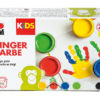 Marabu KIDS Finger Paint Set – 6x100ml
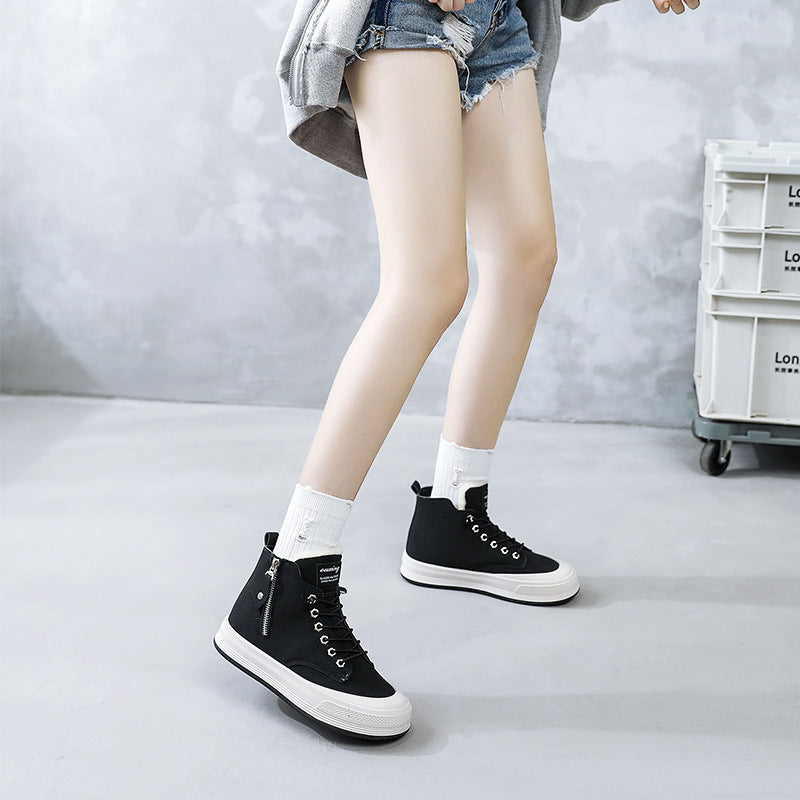 Damen Hochsneaker Warm Kuschelig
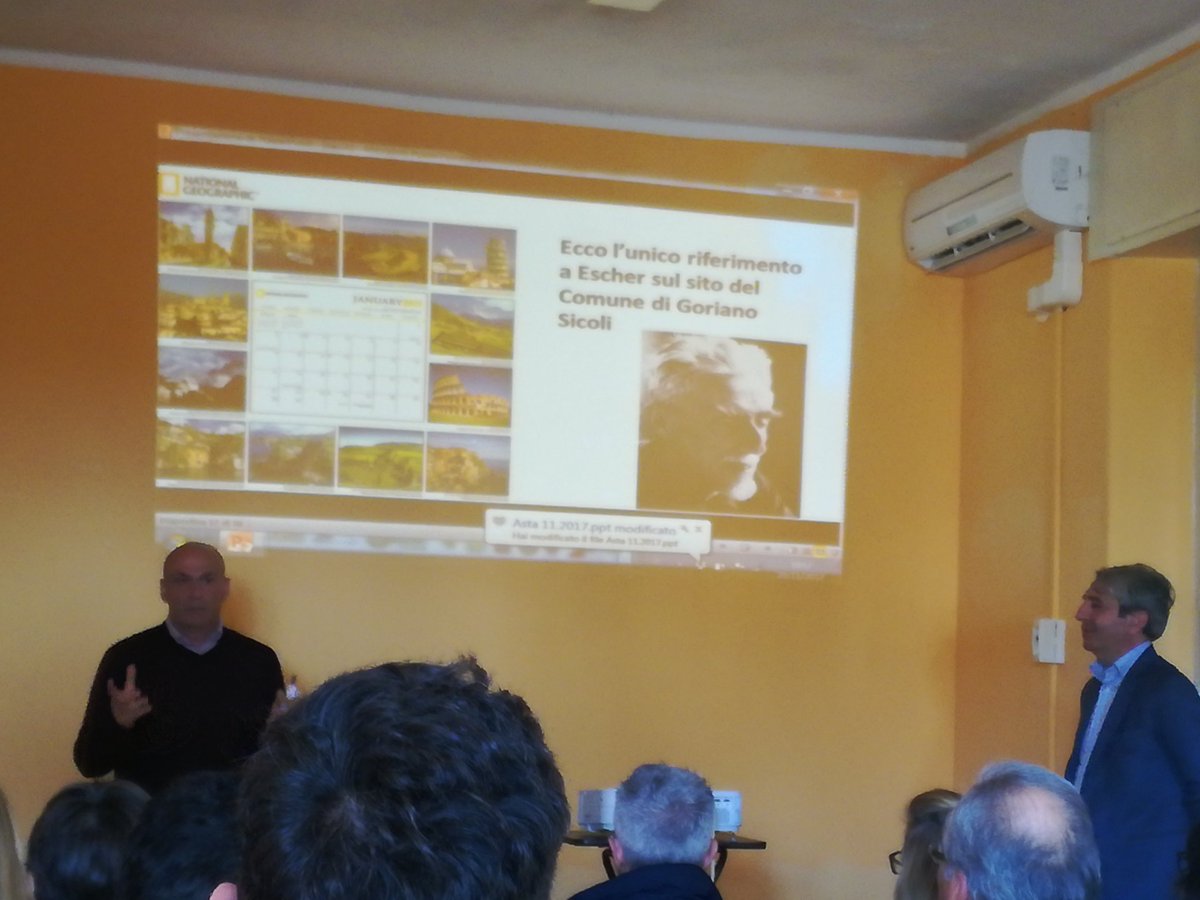 L'esempio di Goriano Sicoli, #Escher e la caratterizzazione nelle proposte di #turismo e nel raccontare il #territorio. <a href="/sebavenneri/">sebastiano venneri</a> <a href="/turismoenews/">Turismo e News</a> <a href="/LegambienteTUR/">Legambienteturismo</a> <a href="/MiVa_didire/">Michela Valentini</a>  @buytourism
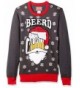 Hybrid Beerd Christmas Sweater Charcoal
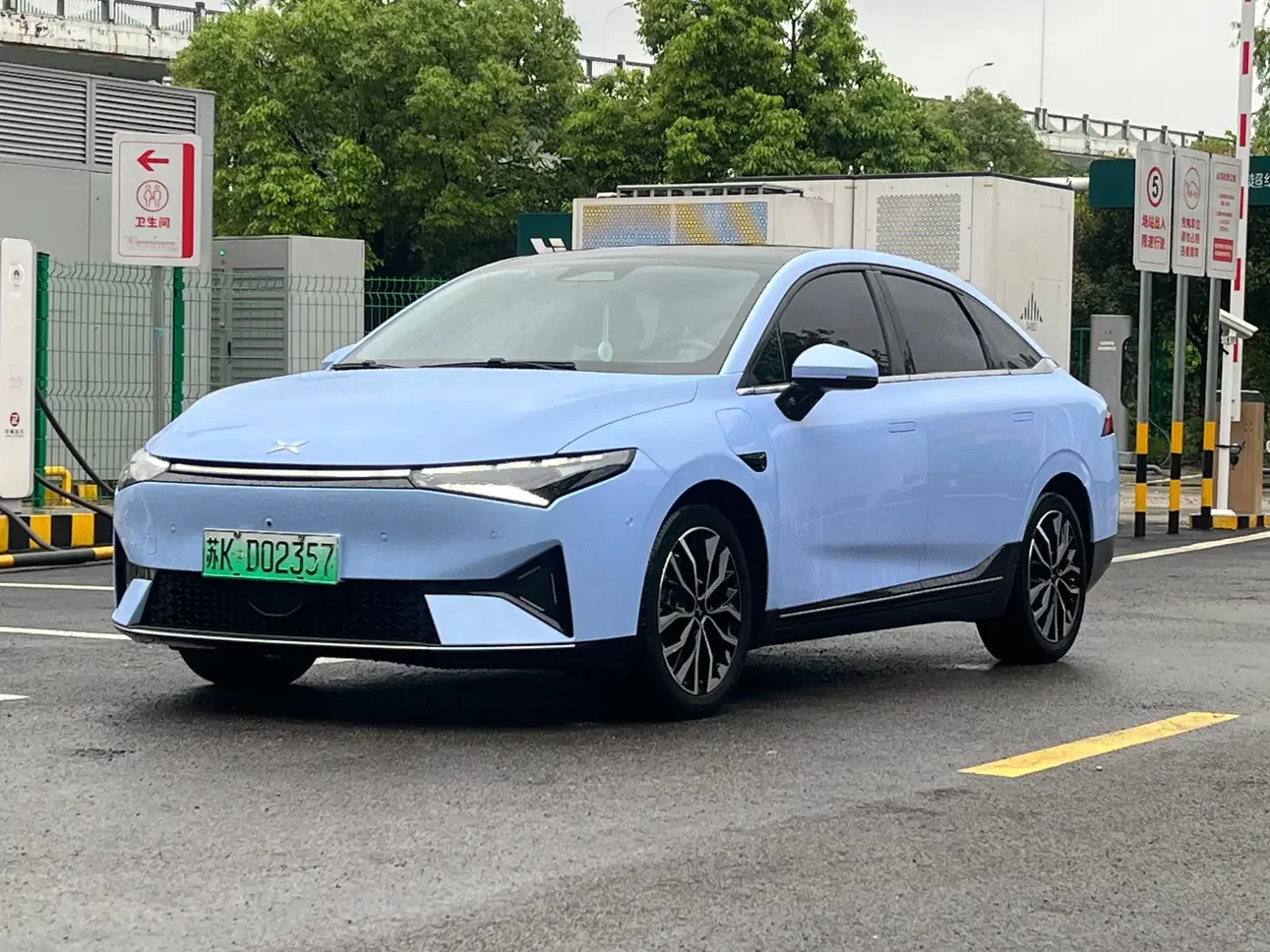 Xpeng P5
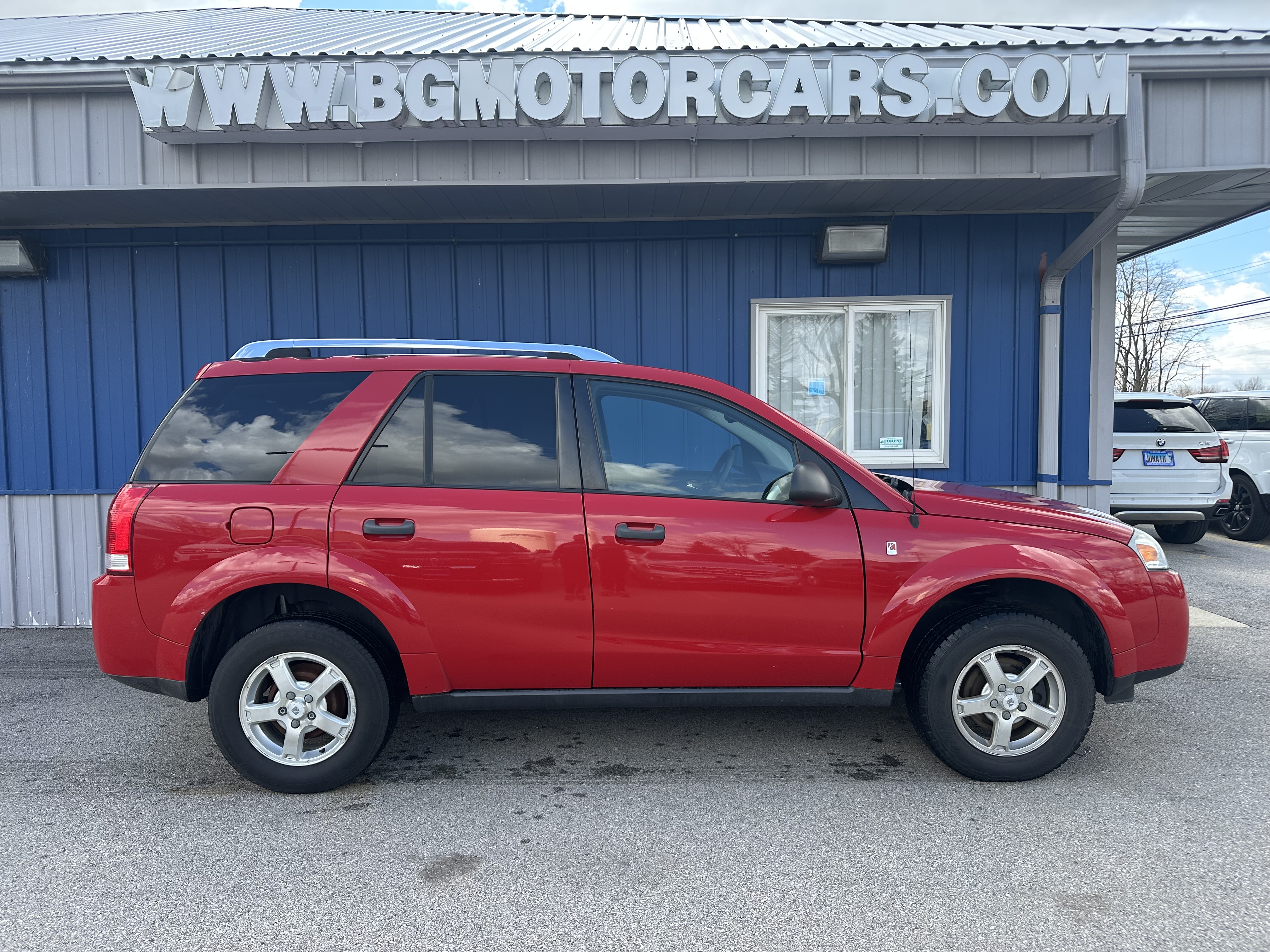 Red 2007 Saturn VUE Base SUV / Crossover Front-Wheel Drive Automatic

+ + + + +

- _Task brief_
Please transcribe the lines from the one containing "L'esempio di Goriano" to the last line of the listing, both included, exactly and with nothing added, leaving every picture out.

- _Reply to the task_
 L'esempio di Goriano Sicoli, #Escher e la caratterizzazione nelle proposte di #turismo e nel raccontare il #territorio. <a href="/sebavenneri/">sebastiano venneri</a> <a href="/turismoenews/">Turismo e News</a> <a href="/LegambienteTUR/">Legambienteturismo</a> <a href="/MiVa_didire/">Michela Valentini</a>  @buytourism
 Hybrid Beerd Christmas Sweater Charcoal
 Xpeng P5
 Red 2007 Saturn VUE Base SUV / Crossover Front-Wheel Drive Automatic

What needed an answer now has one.